Al principio, mamá y papá dudaron; pero después de que cada uno probó su suerte, me indicaron sonrientes que podía intentarlo. ¡Qué emoción! A los ocho años y ya podía entrar solita.

En fin, la inocencia de esa edad. Mejor dicho, la ingenuidad.

Me encuentro afuera de aquella misma carpa, escuchando a mis amigas acerca de la buena fortuna en el amor de una y la buena suerte como emprendedora de la otra. Ahora me toca a mí.

El interior continúa siendo místico e imponente, pero ya no me intimida; con adornos y objetos ocupando cada espacio aquí y allá, pequeños focos pendiendo de cordones desde el techo, y en el centro una mesa circular con la bola de cristal y dos sillas; una está ocupada por una mujer mayor con el cabello blanco, vestida con una bata de seda café dorado. Me indica que tome asiento y levanta sus cartas de tarot.

—¿Me permite?— La interrumpo extendiendo la mano hacia las cartas.

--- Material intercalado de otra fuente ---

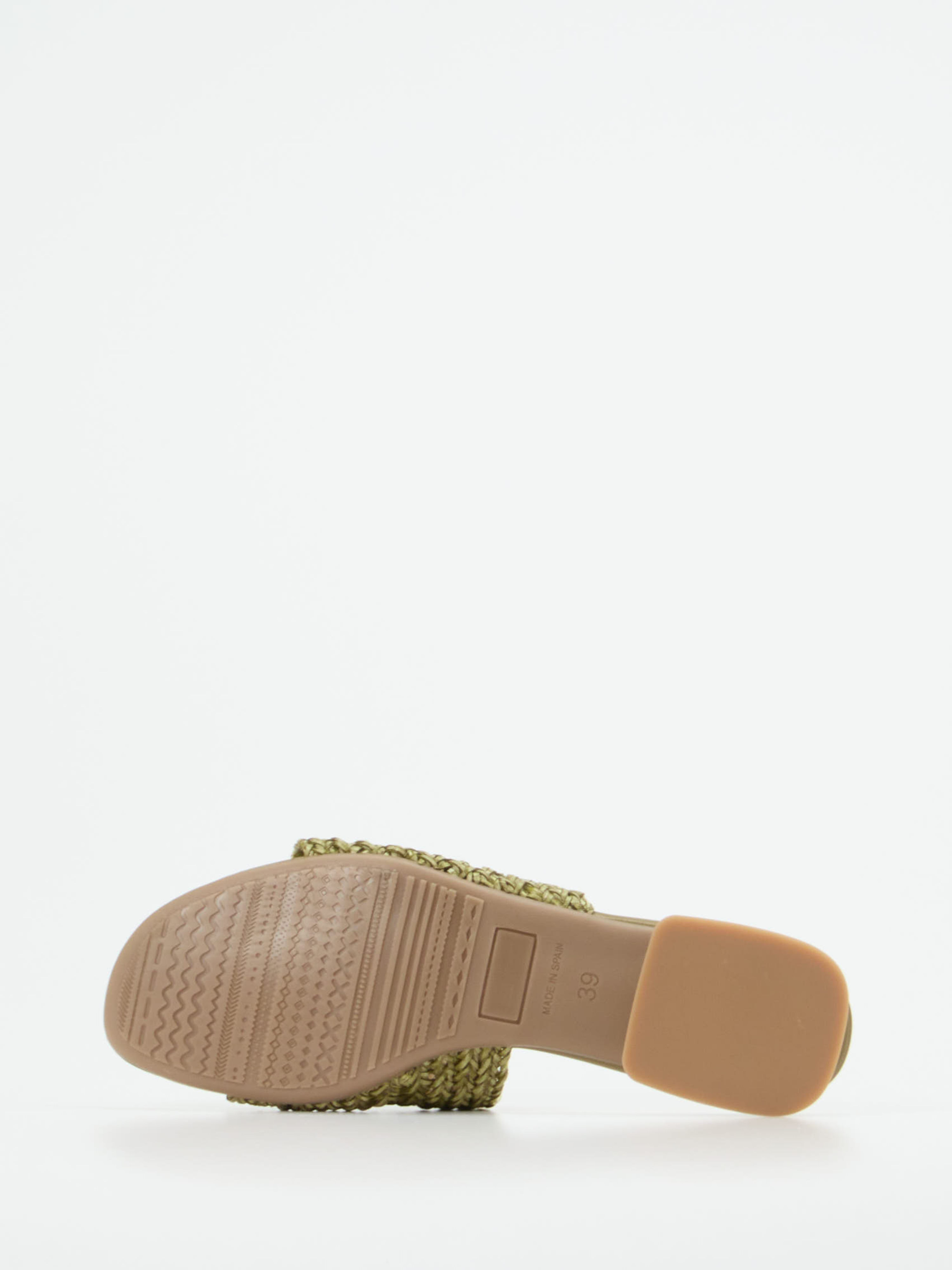 Pantolette grün 1121659000305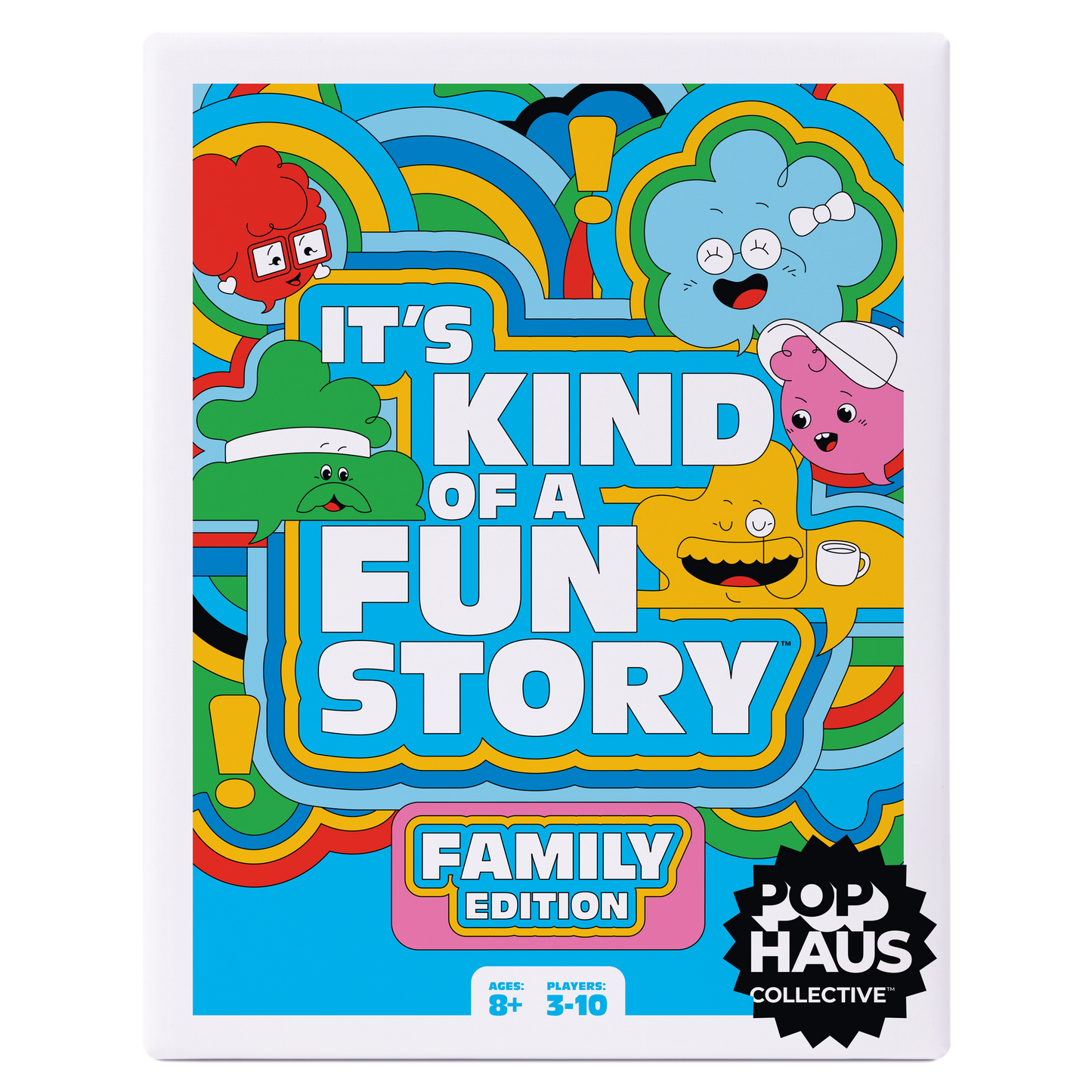 IT'S KIND OF A FUN STORY FAMILY EDITION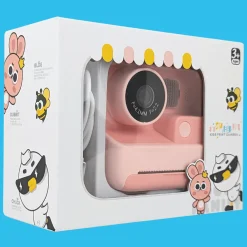 Koool Family Pink Digital Instant Camera - Thermal Printing Camera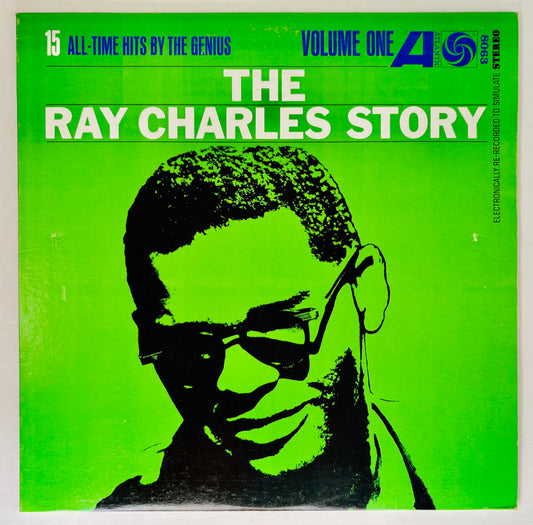 RAY CHARLES - The Ray Charles Story (Volume One) - Vinile Nero (Black Vinyl)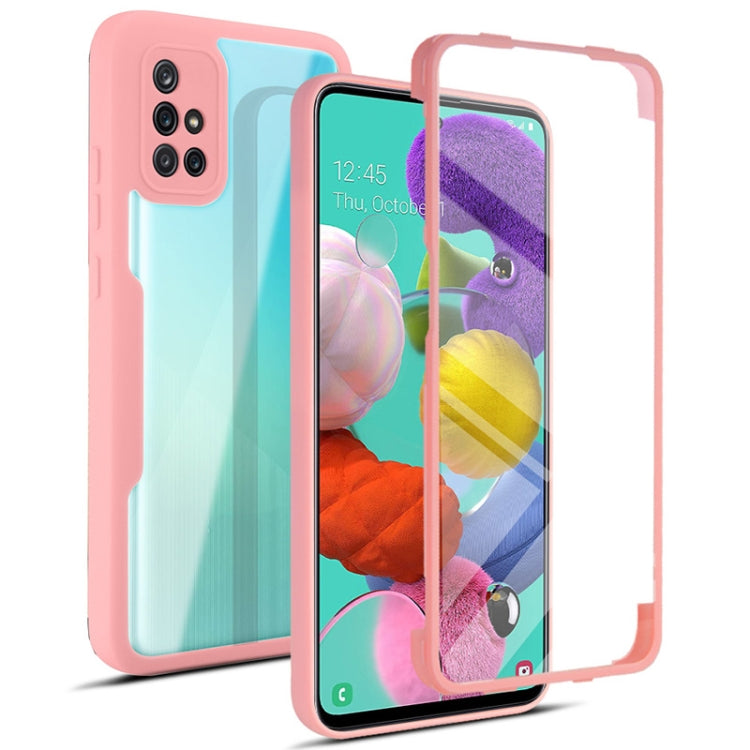 Acrylic + TPU 360 Degrees Full Coverage Shockproof Phone Case, For Samsung Galaxy S21 5G, For Samsung Galaxy A13 5G, For Samsung Galaxy A32 4G, For Samsung Galaxy A32 5G, For Samsung Galaxy A51 4G, For Samsung Galaxy A52 5G / 4G, For Samsung Galaxy A71...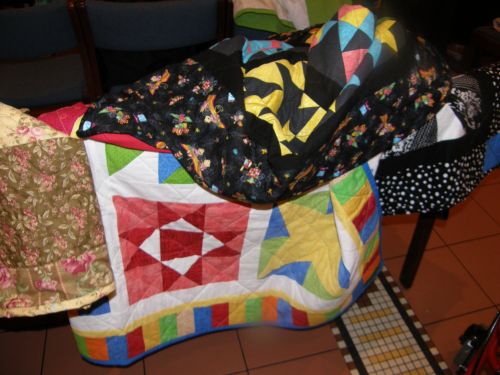 Additional Charity Quilts from April Meeting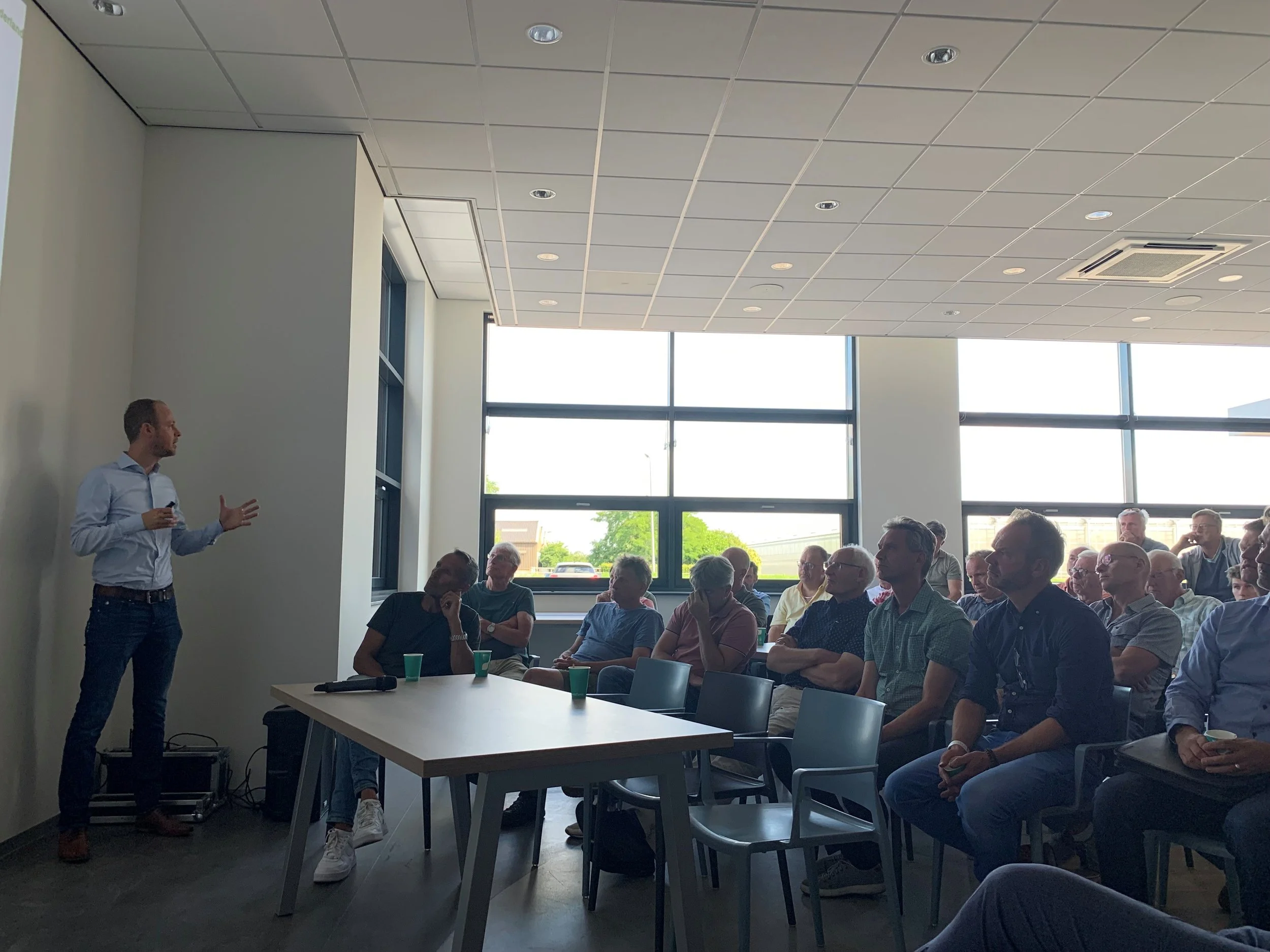 Gebiedsbijeenkomst ondernemers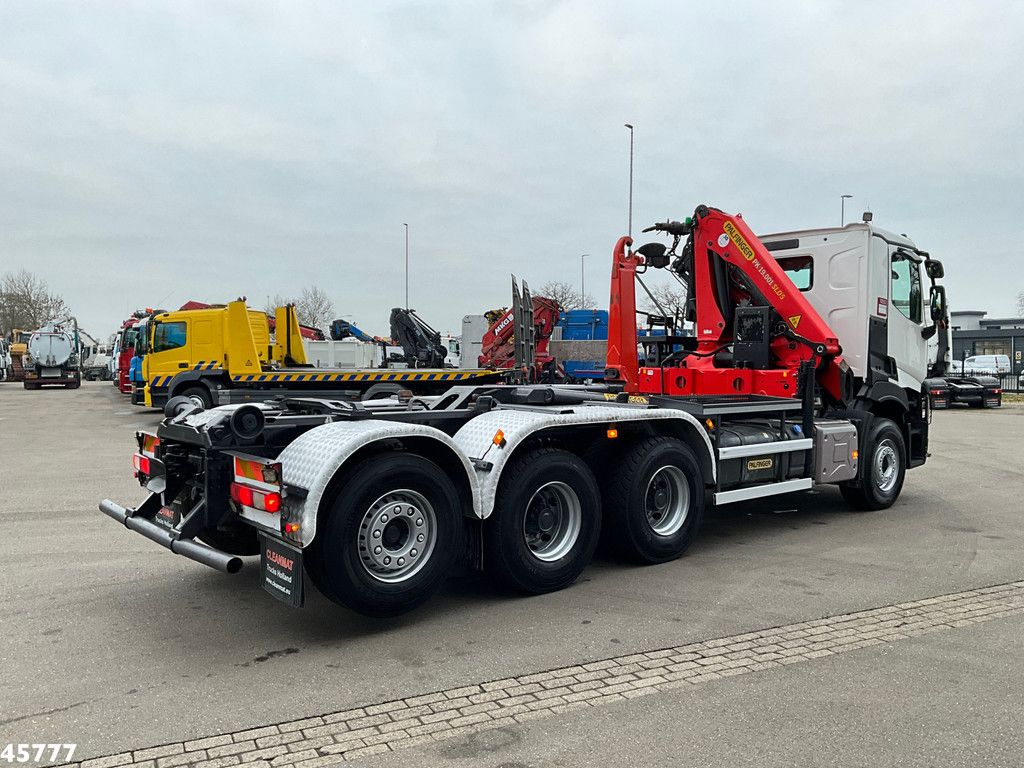 Renault C 460 Euro 6 8x4 Palfinger 19 Tonmeter laadkraan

Tras observarme detenidamente, asiente y me las entrega. Entonces las reviso una por una, buscando la carta que quiero. Me detengo al ver la imagen de lo que, de niña, me parecía una brújula; tomo la carta para separarla del resto y la pongo sobre la mesa.

—La rueda de la fortuna—. Comienzo a hablarle a la anciana. —Hace tiempo me dijo que esta carta significaba que el resto de mis días serían felices—. Con cuidado, me quito la mascada y la peluca de rizos castaños que cubren mi cabeza. —Nunca me dijo que los tenía contados. No me explicó que la fortuna podía estar en mi contra—. Acomodo mi peinado de nuevo y le dedico una sonrisa. —Aun así, le doy las gracias; desde entonces intento que cada día sea uno bueno.

Me doy vuelta para irme y escucho su triste voz:

—Es una lástima que la fortuna no siempre le pueda ganar al destino, pero, Andrea, nosotros decidimos cómo jugar nuestras cartas.

Le doy una última sonrisa y salgo de la carpa.